Afghan President Hamid Karzai has argued that the stealth kill-or-capture missions carried out in the dead of night have left too many innocent civilians dead and undermines the public’s trust in NATO forces and the Afghan government. Karzai has threatened to prohibit American forces from conducting such raids.
But speaking before the Senate Armed Services Committee on Tuesday, McRaven—who has been tapped by President Obama to be the next head of the Special Operations Command—said that the operations are often misconstrued as violent.
Prompted by questioning from Sen. Lindsey Graham, R-S.C., McRaven suggested putting an end to American-led night raids would “be detrimental to the special-operations aspect of the fight in Afghanistan,” said McRaven, who was making his first public appearance since the successful bin Laden operation in May.
McRaven, who until recently headed the elite, terrorist-hunting Joint Special Operations Command, said over the last 12 months his task force had conducted approximately 1,700 night raids in Afghanistan.
“I think what is lost on a lot of folks is that approximately 84 (percent) to 86 percent of those missions we never fired a shot,” McRaven said.

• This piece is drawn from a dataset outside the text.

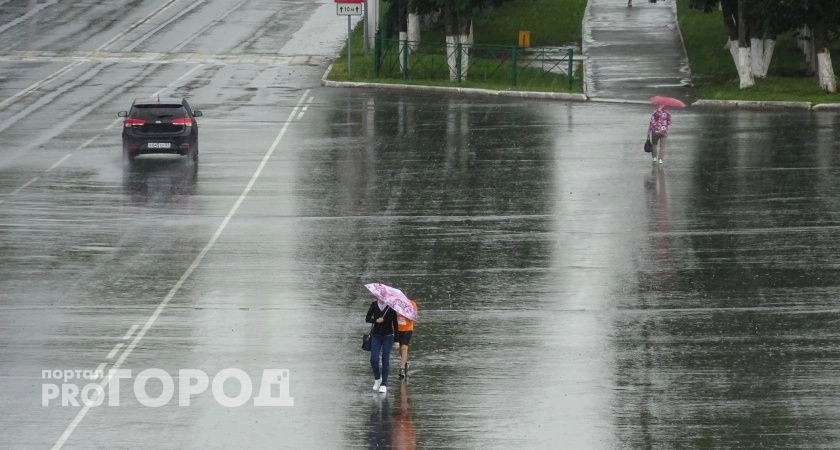 Фото к статье: В Нижегородскую область к концу недели нагрянут дожди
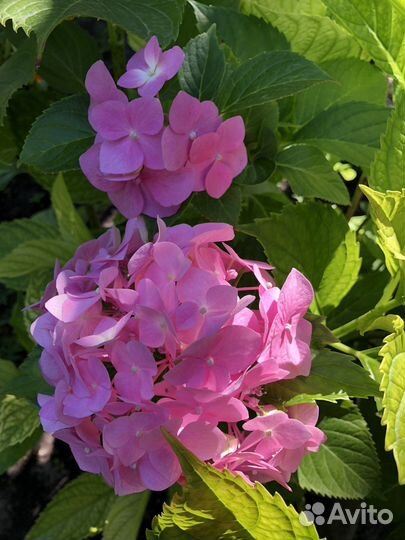 Гортензия саженцы зкс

With the U.S. military beginning its drawdown of 33,000 surge troops next month, U.S. commanders may have to become more reliant on counterterrorism tactics of hunting and killing terrorists through night raids and drone strikes as the U.S. troop presence diminishes. But on Tuesday, McRaven and Lt. Gen. John Allen, Obama’s nominee to the next top commander in Afghanistan, said that there are still enough troops in Afghanistan to carry out a counterinsurgency strategy focused on securing the population.
“There will continue to be a counterterrorism dimension to the overarching counterinsurgency campaign, and as time passes, as conditions in the battle space evolve, as we approach 2014 and as we define our long-term relationship with Afghanistan, we may well see that the development of [counterterrorism] will become even more important as time goes on,” Allen said.
The use of night raids by American forces has long been controversial in the decade-old war. Under Gen. Stanley McChrystal, special operations forces dialed back the use of night raids after criticism from Karzai and other Afghan leaders. But once Gen. David Petraeus assumed control of the International Security Assistance Force last year, night raids once again became a cornerstone of the American strategy.
In May, Karzai’s office again criticized the night raids and called for any nighttime operations to be carried out by Afghan troops after night raids in Khost and Takhar provinces left civilians dead.